Als de zaak bij de juiste rechtbank was aangebracht, de rechtbank Rotterdam dus, zou de procedure in hoger beroep bij het gerechtshof Den Haag gevoerd worden; dat gerechtshof behandelt zaken in hoger beroep van de rechtbank Rotterdam. Met de exclusieve bevoegdheid van de rechtbank in scheepvaartzaken, is in hoger beroep het hof Den Haag als het ware automatisch exclusief bevoegd om van scheepvaartzaken kennis te nemen. Met onder meer dat argument is het hof ’s-Hertogenbosch verzocht het hoger beroep ter verdere behandeling naar het hof Den Haag te verwijzen.
Het hof ’s-Hertogenbosch wijst dit verzoek in zijn uitspraak van 10 januari 2023 toe. Het hof overweegt eerst dat de hoofdregel luidt dat in hoger beroep de hogere rechter binnen wiens rechtsgebied de rechter in eerste aanleg (de rechtbank waar een procedure begint) vonnis heeft gewezen, relatief (geografisch gezien) bevoegd is. Omdat de rechtbank Zeeland – West-Brabant vonnis heeft gewezen, is het hof ’s-Hertogenbosch dus in beginsel relatief bevoegd. Ook overweegt het hof dat de rechtbank Rotterdam inderdaad in eerste aanleg bij uitsluiting bevoegd was, omdat het om slepen of duwen van schepen gaat. De vraag of de aard van de vordering aan de behandeling van de zaak door het gerechtshof ’s-Hertogenbosch in de weg staat, beantwoordt het hof bevestigend:
“Het hof stelt vast dat niet blijkt of de kantonrechter onder ogen heeft gezien of hij al dan niet relatief bevoegd is. Een ambtshalve toetsing van de relatieve bevoegdheid is achterwege gebleven. De kantonrechter had zich op grond van art. 625 lid 1 sub c Rv onbevoegd moeten verklaren en de zaak moeten verwijzen naar het gerechtshof Den Haag [bedoeld zal zijn: de rechtbank Rotterdam; toevoeging PEvD]. Blijkens de Memorie van Toelichting (…) heeft de wetgever een exclusieve bevoegdheid willen toekennen aan de rechtbank Rotterdam om aldaar scheepvaartzaken te concentreren. De wetgever heeft daarmee beoogd de kwaliteit van de rechtspraak te bevorderen en bij te dragen aan de efficiëntie van de rechtsgang.

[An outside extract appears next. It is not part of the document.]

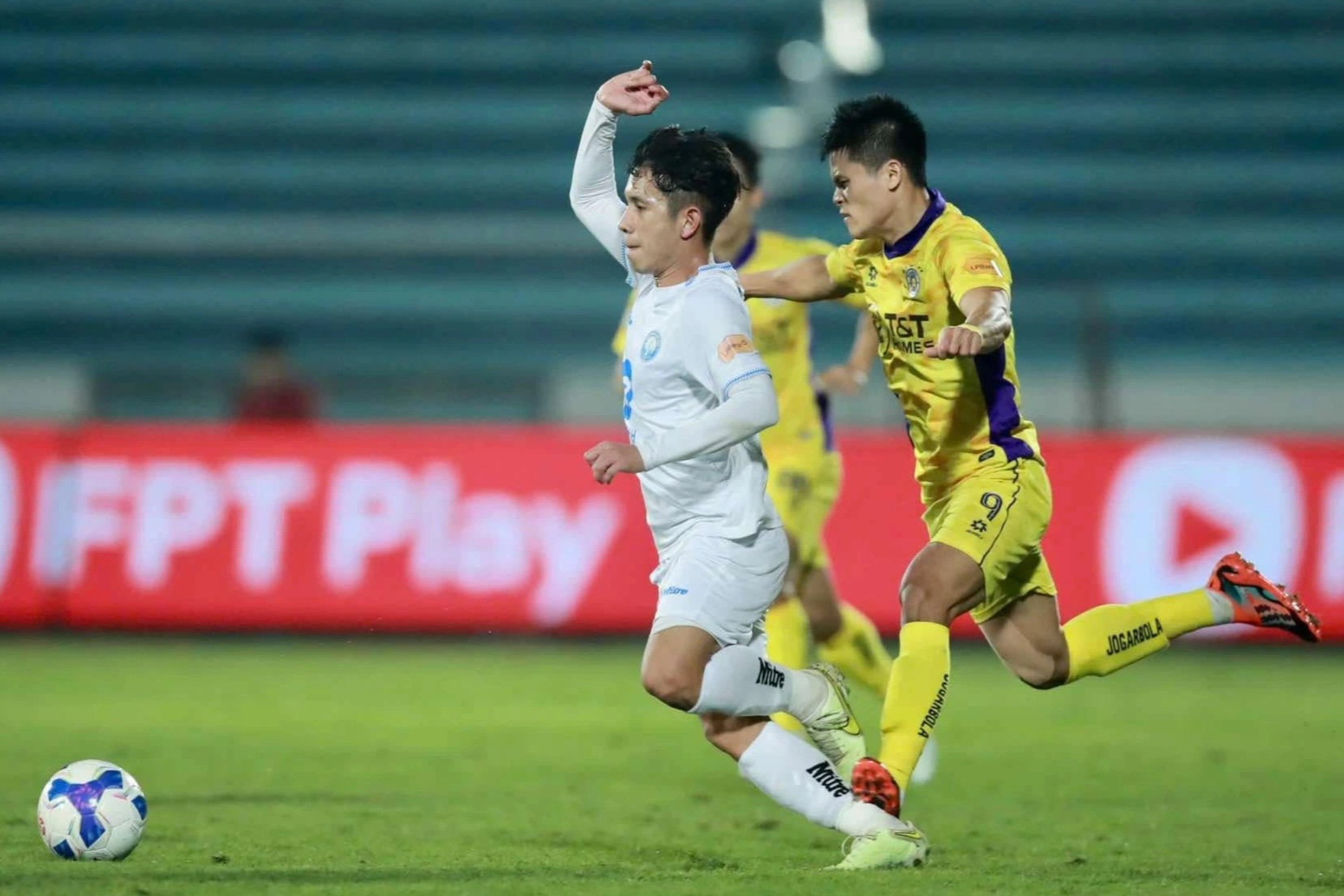 Tuan Hai'nin kırmızı kartı: Kariyer gelişimi yolunda değerli bir ders - 1 Thẻ đỏ của Tuấn Hải: Bài học quý giá trên bước đường phát triển sự nghiệp - 1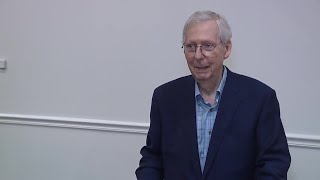 Breaking News Sen Mitch McConnell Freezes Again at Event [upl. by Sikata]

Voorts heeft de wetgever daarbij het belang van behoud en de verdere opbouw van kennis en expertise bij de rechtbank Rotterdam (en in het verlengde daarvan: het gerechtshof Den Haag) betrokken. Gelet op de bedoeling en de recente keuze van de wetgever ziet het hof aanleiding de zaak in de stand waarin deze zich bevindt te verwijzen naar het gerechtshof Den Haag.”
Op grond van deze uitspraak geldt dus: in scheepvaartzaken is in hoger beroep het hof Den Haag exclusief bevoegd, ook als de procedure in eerste aanleg is gevoerd bij een andere rechtbank dan de rechtbank Rotterdam en zelfs als die andere rechtbank buiten het werkgebied van het hof Den Haag ligt.